Nei dipinti, il suo stile era in linea con i gusti barocchi della Scuola Bolognese, in opere di medie dimensioni, con costruzioni semplici, piacevoli e decorative con colori e sfumature tonali morbide, il cui tema spaziavano dai temi allegorici e sacri (amava dipingere le Madonne), ai ritratti di donne eroine prese dalla mitologia classica.
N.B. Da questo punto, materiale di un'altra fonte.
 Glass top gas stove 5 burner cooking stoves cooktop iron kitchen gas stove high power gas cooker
Le sue opere principali sono: Autoritratto (1658, Museo Pushkin, Mosca), Giuditta con la testa di Oloferne (1658, Lakeview Museo delle Arti e della Scienza, Peoria) ; Allegoria della Musica (1659, Wallraf-Richartz Museum, Colonia) Ritratto di Beatrice Cenci (1662, Galleria Nazionale d’Arte Antica, Roma), San Antonio de Padova adorante il Bambino Gesù (1662, National Gallery di Bologna); Madonna col Bambino (1663, National Museum of Women in the Arts, Washington), Giuditta con la testa di Oloferne (Walters Museum di Baltimora, USA), Cleopatra, Flint Institute of Arts, Flint, Michigan (Stati Uniti d’America), Madonna col Bambino, Quadreria dei Girolamini, Napoli e Melpomene, La musa della Tragedia (National Museum of Women in the Arts, Washington).
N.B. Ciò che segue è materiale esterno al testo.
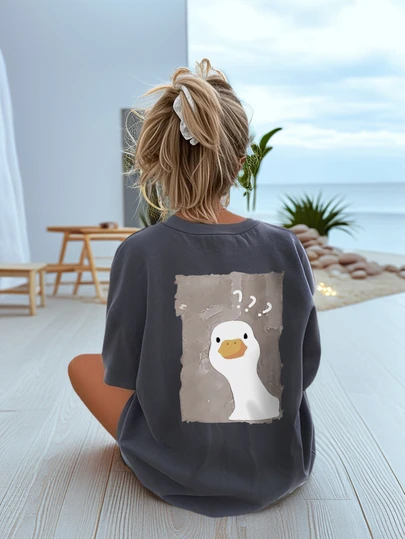 1 件女童休闲图案印花圆领短袖 T 恤，夏季学生装 - 适合想要脱颖而出的动物爱好者的独特 T 恤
Quando Elisabetta morì il 28 Agosto 1665 dopo una breve malattia, suo padre volle fosse fatta un’autopsia e accusò una cameriera di averla avvelenata. L’autopsia eseguita davanti a testimoni mostrò diverse ulcere perforate nello stomaco ed oggi si ritiene che la causa della malattia e della morte sia da ricercare nell’eccessivo peso del lavoro datole dalle innumerevoli richieste. Per la sua fama, il suo funerale venne celebrato con grandi onori, con una bara che rappresentava il Tempio della Fama, che conteneva una statua dell’artista a grandezza naturale seduta al cavalletto ed i suoi resti si trovano nella Basilica di San Domenico a Bologna accanto a Guido Reni.

Due curiosità: La spiritosa pittrice si divertiva spesso ad apporre la sua firma nei bottoni, sulle scollature o sui merletti dei soggetti dei suoi quadri. Dal 1994 le è stato dedicato un Cratere sul pianeta Venere. 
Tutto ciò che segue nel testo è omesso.